Aside from the zillion other things that have changed in my life since 2008 (all for the better I may add!) Unfortunately, infertility wise- not much has changed. In the summer of 2011 we went back to RE office where we had Carter and had a consult with the Dr. about our treatment options for a 2nd child. The visit did not go well. I was hurt by comments made by the Dr. and his disapproval of an infertility support group I began back in 2009. i was also hurt by comment made by the nurse suggesting I didn't go through alot the first time. In my mind I thought- I really don't think it matters if I went through 1 month of being at an RE's office or 6 years- it still feels like failure when you need help doing what should come natural. What should happen in privacy of your bedroom not a sterile Dr.'s office. And what shouldn't cost you thousands and thousands of dollars. Anyway.... We both go tested again because that is the only thing our insurance would cover. Scott's test came back normal and my HSG (dye test) came back normal as well. We put it all on back burner for a while because without insurance coverage for drugs or monitoring we didn't see how we would swing doing this all over again.
Fast forward to Fall 2012. With no luck thus far and our adoption views not the same we decided to visit the Dr. once more. Our old RE moved his practice and is no longer local. I found out from a woman I am now friends with from the infertility group I started that there is a new RE office with a group of RE's in our old RE's office. Their main office in Akron but they are in Canfield too. Reproductive Endocrinology, Inc. I call and make consult and we go in on Oct. 31, 2012. I told Dr. we were trying to decide whether to do injections/IUI (what worked with Carter) or just go for it-and do IVF. He took time with us, answered all of our questions and was willing to let me take control of my treatment decisions with I appreciated. Money wise IVF too expensive. At least 14K. The odds of success higher and I would of done this no problem if my miracle baby wasn't in my life yet but it didn't make sense for us. So we opted for injectibles/IUI again. I mentioned I was on an antagonist when i got pregnant with Carter (prevents early ovulation) and said I'd like to do this again and Dr. agreed to do that.
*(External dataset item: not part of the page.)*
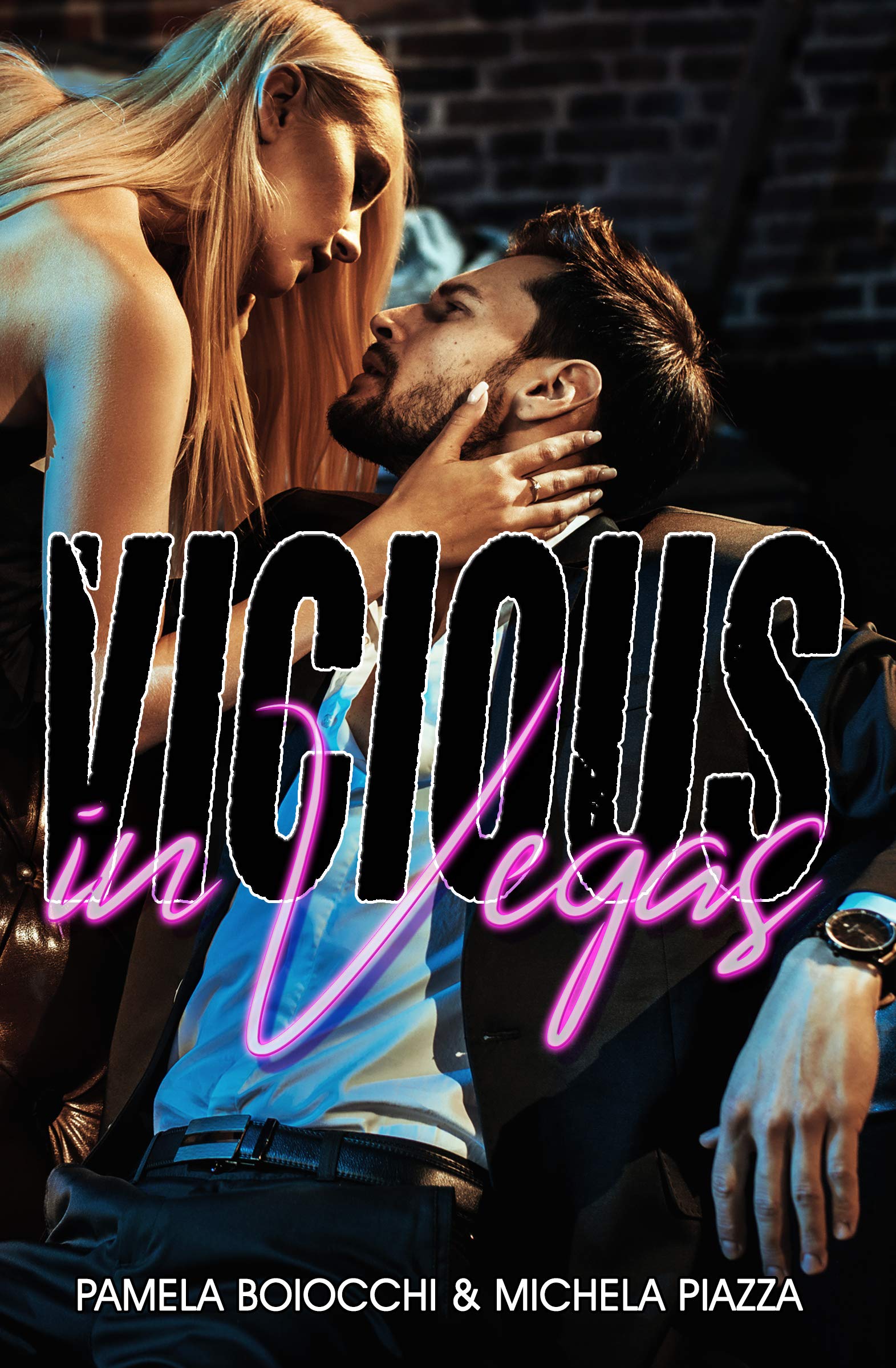 Vicious in Vegas (Kindle Edition)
So, before we started treatment I got an SIS Saline Infused Ultrasound to make sure my uterus looked good- and it did- So we started our very expensive 1st round of FSH with IUI in Dec. 2012. Since I was paying for all of the out of pocket the nurse suggested I tried one month without the antagonist, because it is expensive. So I agreed. Well.... I started to ovulated early (we "think"). I found this out via a home OPK test. So the IUI was scheduled right after I got that positive on my OPK. I did not trigger my ovualtion we just tried to cover our bases with the IUI and regular sex. I knew my follicles were too small though. Odds were stacked against us for that cycle plus my Aunt got extremely ill and it was just an overall hard time emotionally for us. I had tiny hope it would work but it didn't.
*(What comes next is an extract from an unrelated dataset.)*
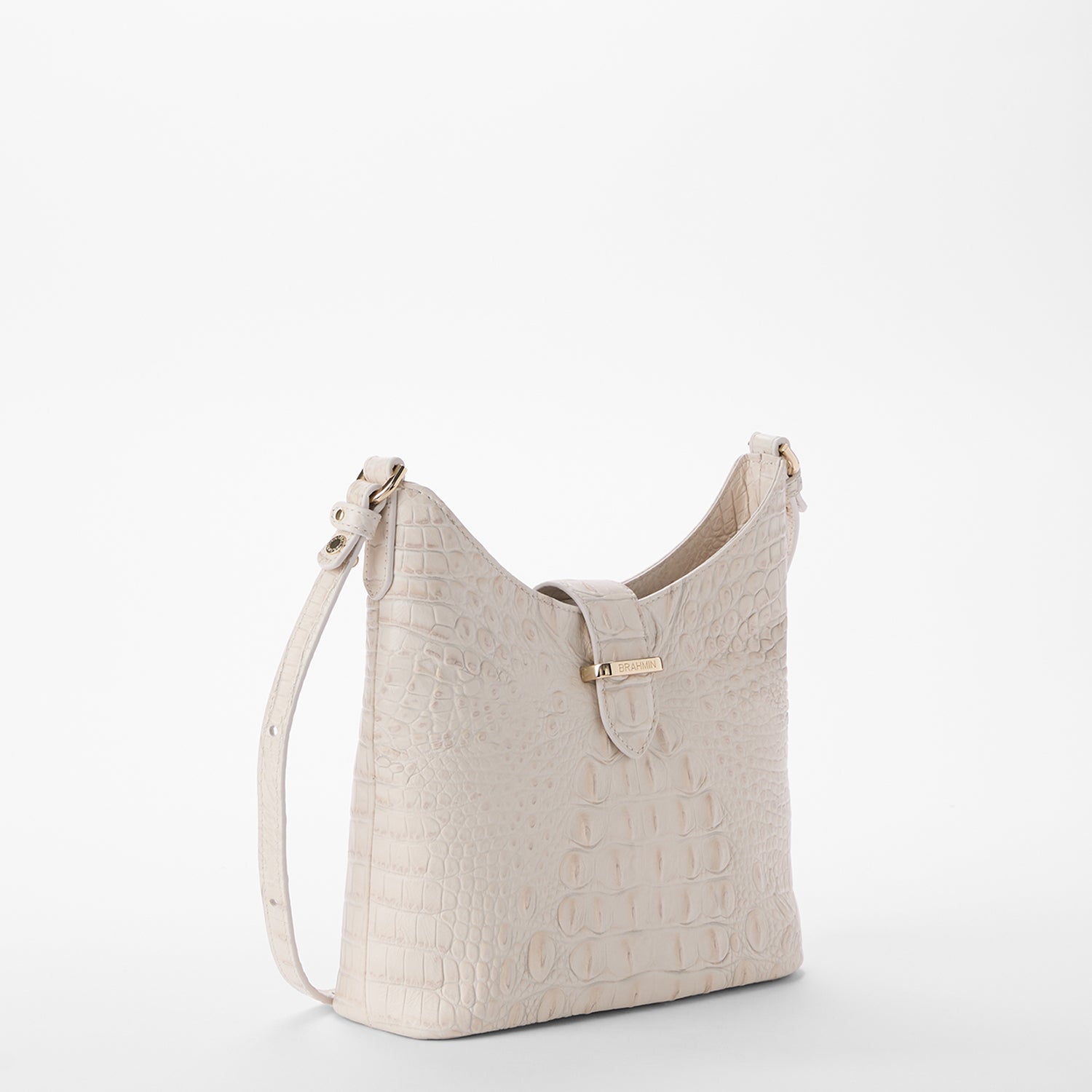 Small Gwynne | Ivory Alden Road | BRAHMIN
In order to pay for these treatments we sold my Equinox and leased a Malibu. So we had a chunk of money to use for a baby. Now after the IUI didn't work and my Aunt got placed on life support in ICU our well pump broke at our house and we used half of our "baby money" to replace it. Wit's end i tell ya!!! One more time Scott and I said. One more time! That's all we can handle.
I had to skip January due to cyst on my ovary from all the FSH. So Feb rolls around, cyst gone and I'm ready to go. I make sure the Dr. office agrees and orders me the antagonist. All went well, took the FSH, took the antagonist, took the trigger, and Scott had his best count ever for the IUI. Odds are stacked for us this time! Our LAST time with an RE! IUI was Sunday Feb. 26, 2013. And I am taking a HPT this Sunday March 10th. All of this is strangely 1 week before we were inseminated with Carter (March 4, 2008).
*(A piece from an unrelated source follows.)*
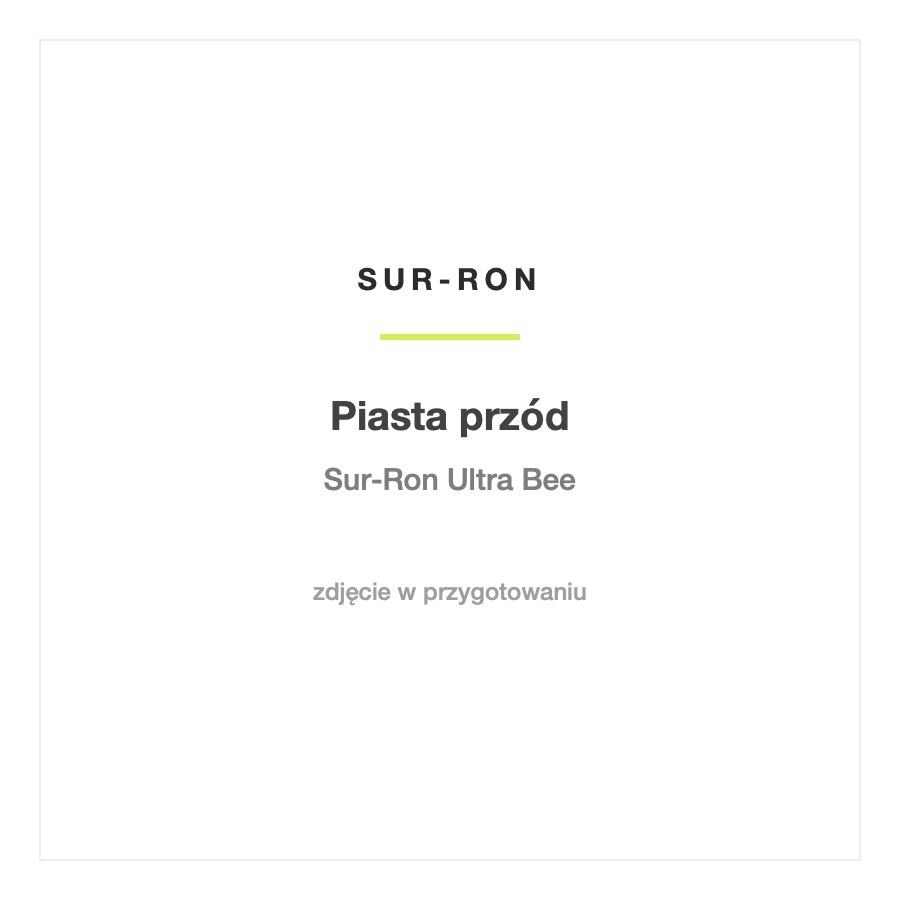 Surron Piasta przód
If this works I am convinced I have discovered my explanation or my unexplained infertility. My egg is releasing too early from my follicle and it is not mature enough to fertilize/develop. This explains why I got pregnant with Carter and possibly why I miscarried too. Who knows? I really don't need an answer because Carter is here and because no matter what happens on Sunday I have the best husband, partner, best friend, supporter in the world- Scott. He saves me and as long as I have him and Carter by my side I will survive!